→ **TASK TO COMPLETE**: Look in the listing below for the line that has "El elenco de", then return it and each following line up to and including the one with "Patchwork Guitar Jacket", exactly and without pictures.
(DATASET EXTRACT)
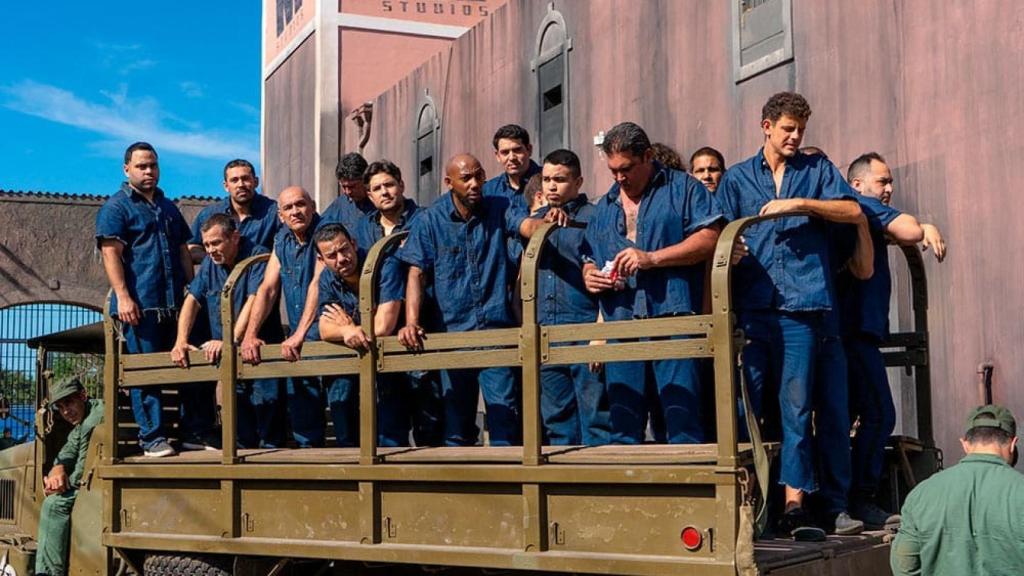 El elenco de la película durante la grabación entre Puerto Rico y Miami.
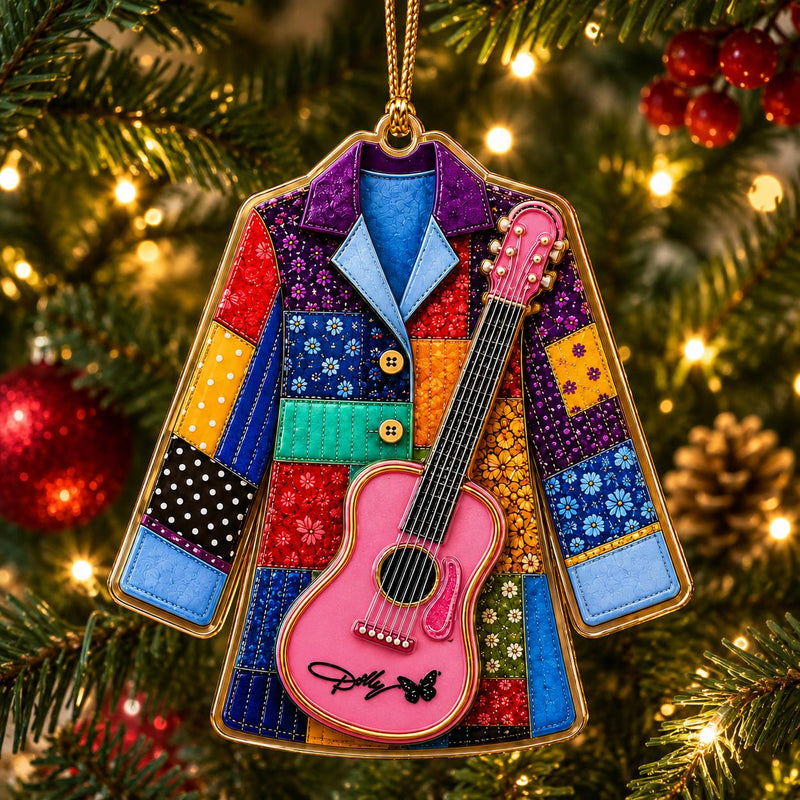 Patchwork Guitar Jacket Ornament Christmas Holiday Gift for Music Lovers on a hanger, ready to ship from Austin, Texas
(End DATASET EXTRACT)
(DATASET EXTRACT)
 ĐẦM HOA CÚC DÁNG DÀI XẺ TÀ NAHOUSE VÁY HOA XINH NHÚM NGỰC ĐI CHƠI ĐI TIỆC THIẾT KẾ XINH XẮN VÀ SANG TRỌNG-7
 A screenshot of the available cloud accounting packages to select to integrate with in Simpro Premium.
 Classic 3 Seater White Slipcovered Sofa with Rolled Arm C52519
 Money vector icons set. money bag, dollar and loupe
(End DATASET EXTRACT)
(DATASET EXTRACT)
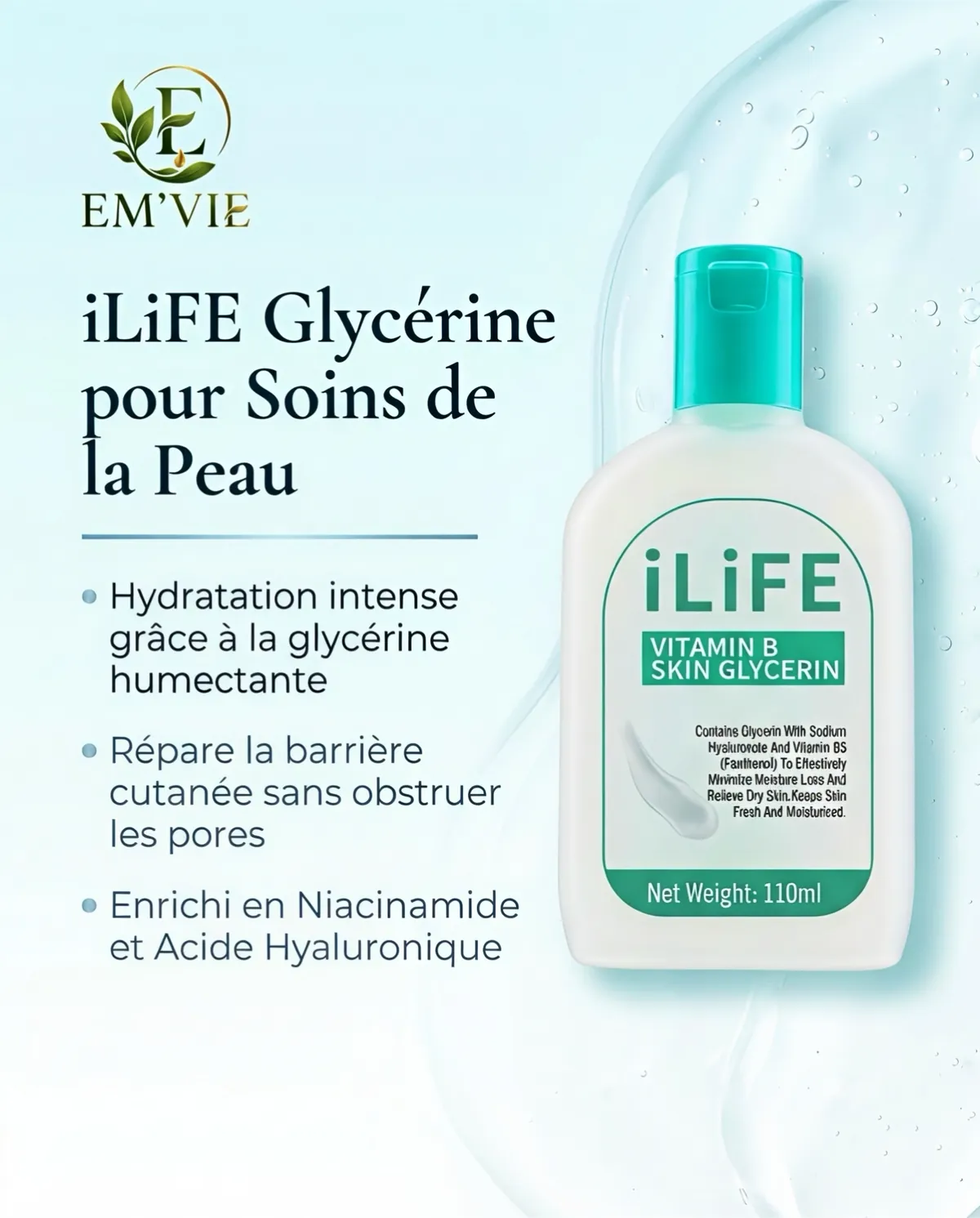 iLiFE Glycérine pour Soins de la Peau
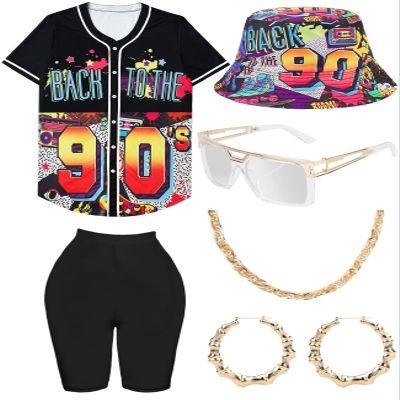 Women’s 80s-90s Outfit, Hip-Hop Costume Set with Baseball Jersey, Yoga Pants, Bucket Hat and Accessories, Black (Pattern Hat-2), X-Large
(End DATASET EXTRACT)
→ **WRITTEN RESPONSE**:
 El elenco de la película durante la grabación entre Puerto Rico y Miami.
 Patchwork Guitar Jacket Ornament Christmas Holiday Gift for Music Lovers on a hanger, ready to ship from Austin, Texas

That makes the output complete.